> _EXERCISE DETAILS_
Don't include any picture when you restate the data word for word.

Short web captions
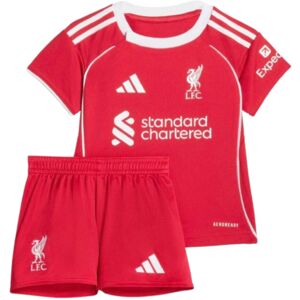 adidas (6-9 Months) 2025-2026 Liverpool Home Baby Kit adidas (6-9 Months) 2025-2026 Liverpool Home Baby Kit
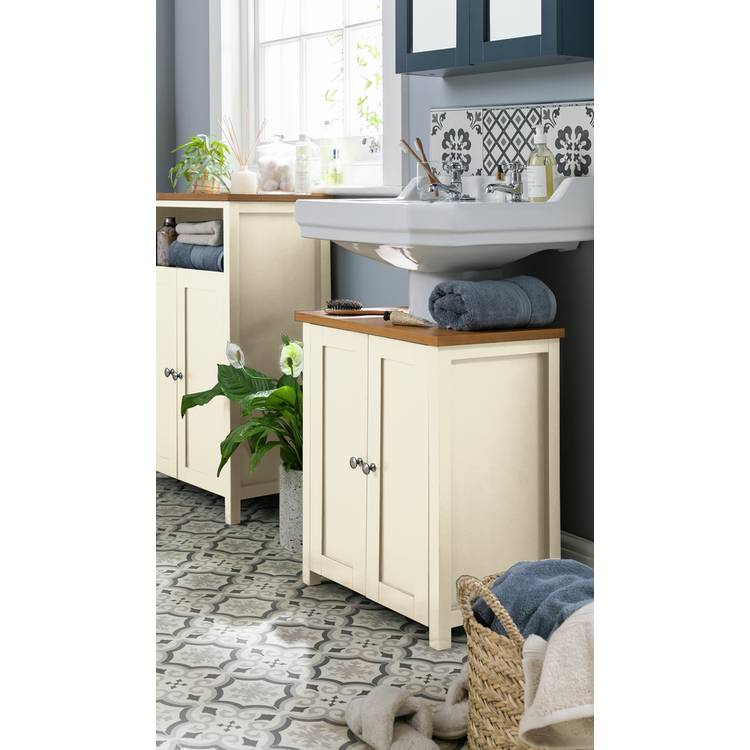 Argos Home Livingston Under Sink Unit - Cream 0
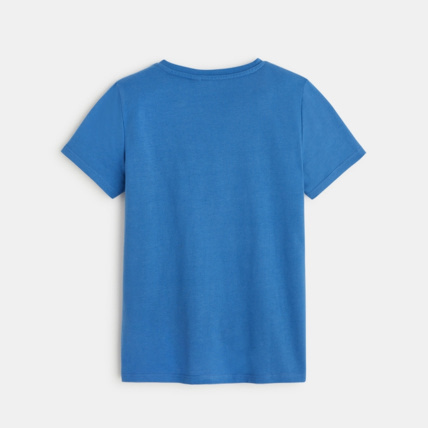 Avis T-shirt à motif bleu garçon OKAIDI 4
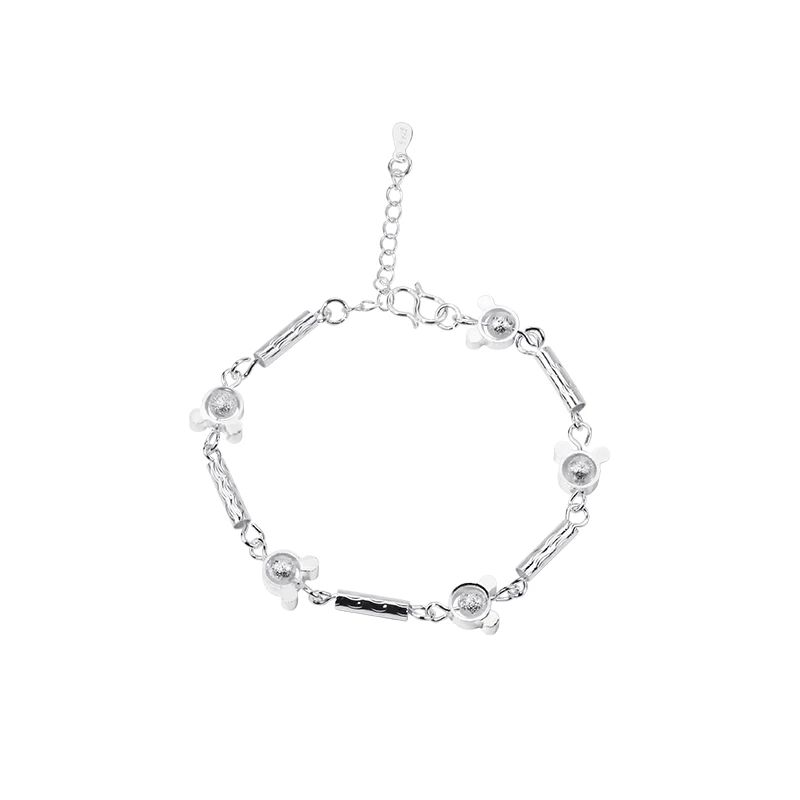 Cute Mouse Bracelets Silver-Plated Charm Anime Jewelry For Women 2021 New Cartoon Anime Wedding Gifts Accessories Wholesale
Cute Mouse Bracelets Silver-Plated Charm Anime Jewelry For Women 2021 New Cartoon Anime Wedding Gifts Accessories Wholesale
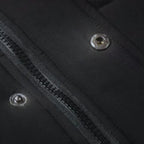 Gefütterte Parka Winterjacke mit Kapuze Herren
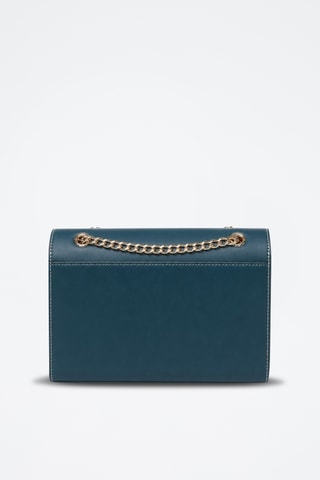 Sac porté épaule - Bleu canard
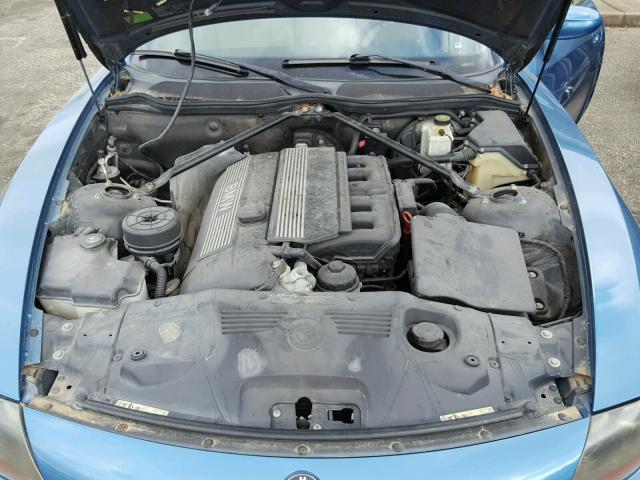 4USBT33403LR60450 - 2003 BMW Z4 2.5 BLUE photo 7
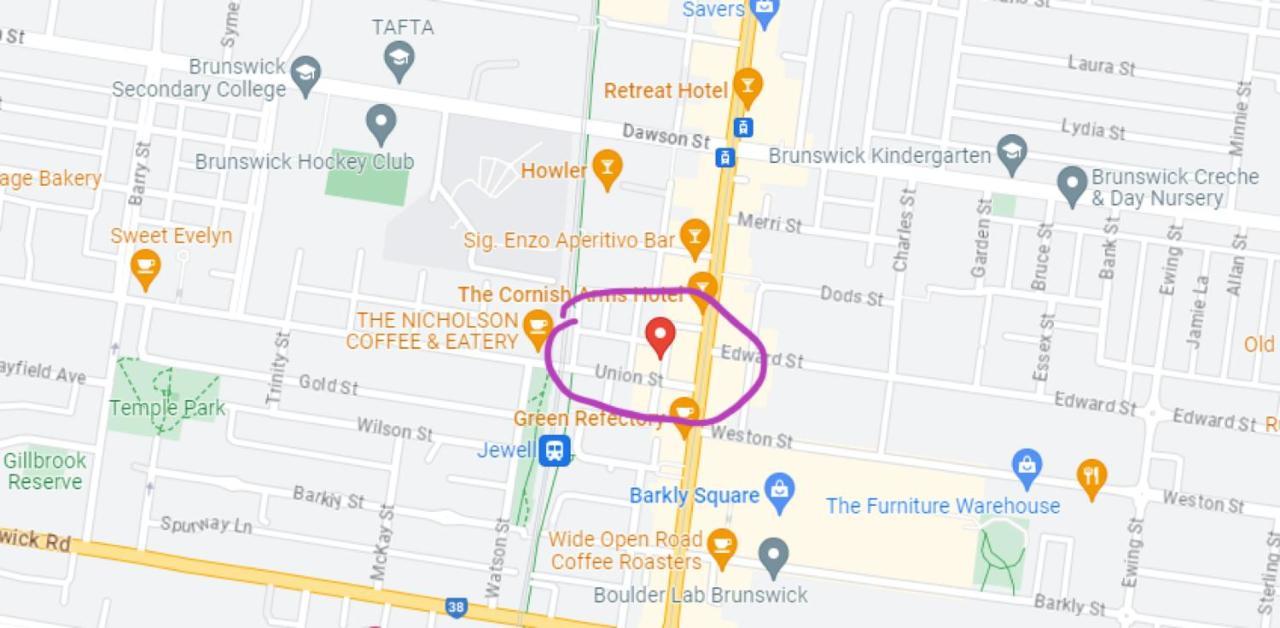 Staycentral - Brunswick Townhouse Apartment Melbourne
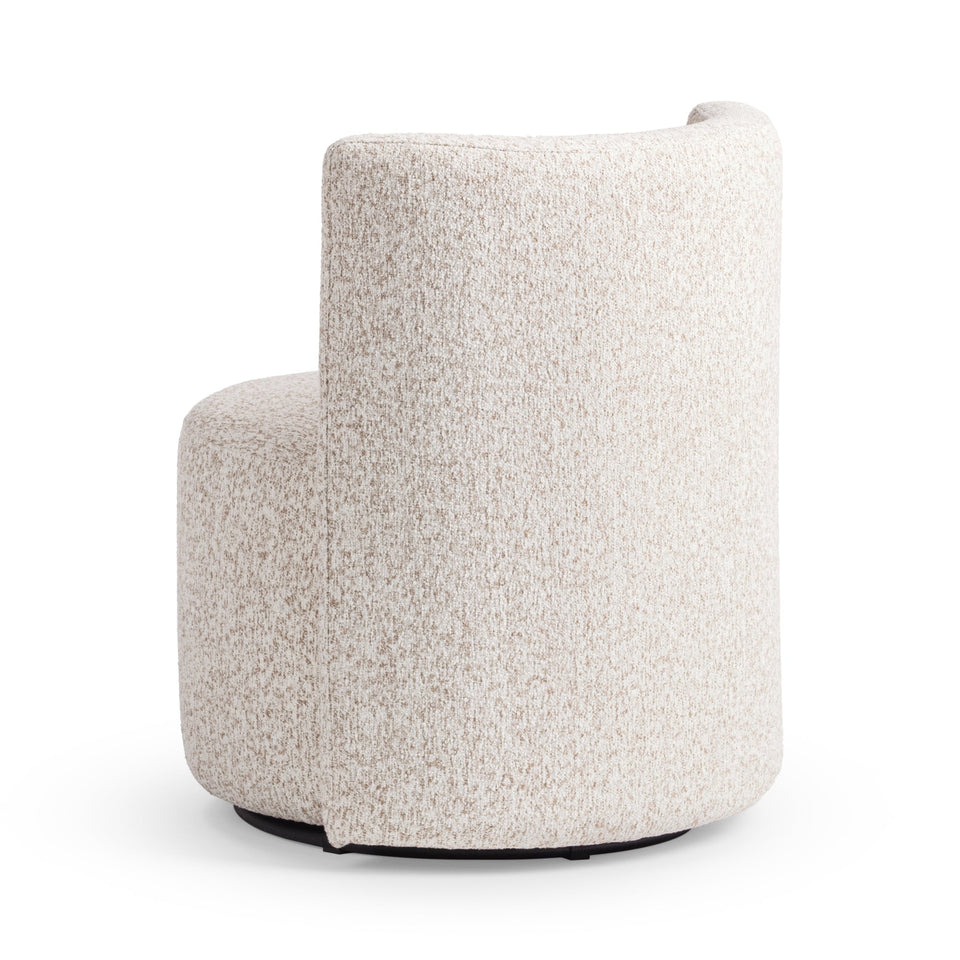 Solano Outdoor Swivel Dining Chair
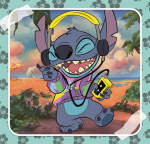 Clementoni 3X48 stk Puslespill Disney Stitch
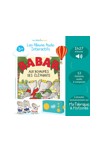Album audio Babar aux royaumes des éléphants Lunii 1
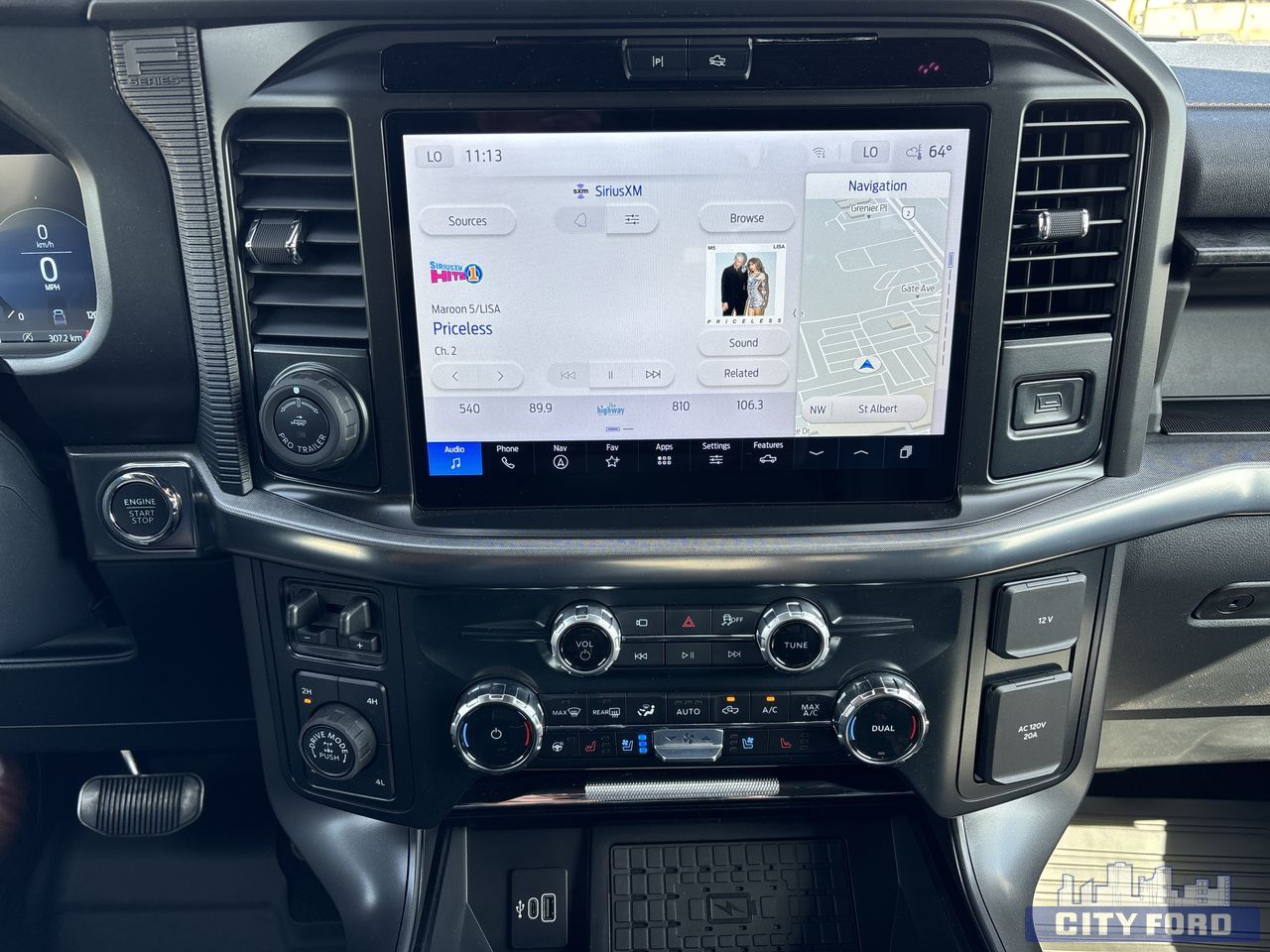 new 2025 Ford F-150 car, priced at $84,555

> _RESULT OF THE TASK_
 adidas (6-9 Months) 2025-2026 Liverpool Home Baby Kit adidas (6-9 Months) 2025-2026 Liverpool Home Baby Kit
 Argos Home Livingston Under Sink Unit - Cream 0
 Avis T-shirt à motif bleu garçon OKAIDI 4
 Cute Mouse Bracelets Silver-Plated Charm Anime Jewelry For Women 2021 New Cartoon Anime Wedding Gifts Accessories Wholesale
Cute Mouse Bracelets Silver-Plated Charm Anime Jewelry For Women 2021 New Cartoon Anime Wedding Gifts Accessories Wholesale
 Gefütterte Parka Winterjacke mit Kapuze Herren
 Sac porté épaule - Bleu canard
 4USBT33403LR60450 - 2003 BMW Z4 2.5 BLUE photo 7
 Staycentral - Brunswick Townhouse Apartment Melbourne
 Solano Outdoor Swivel Dining Chair
 Clementoni 3X48 stk Puslespill Disney Stitch
Album audio Babar aux royaumes des éléphants Lunii 1
 new 2025 Ford F-150 car, priced at $84,555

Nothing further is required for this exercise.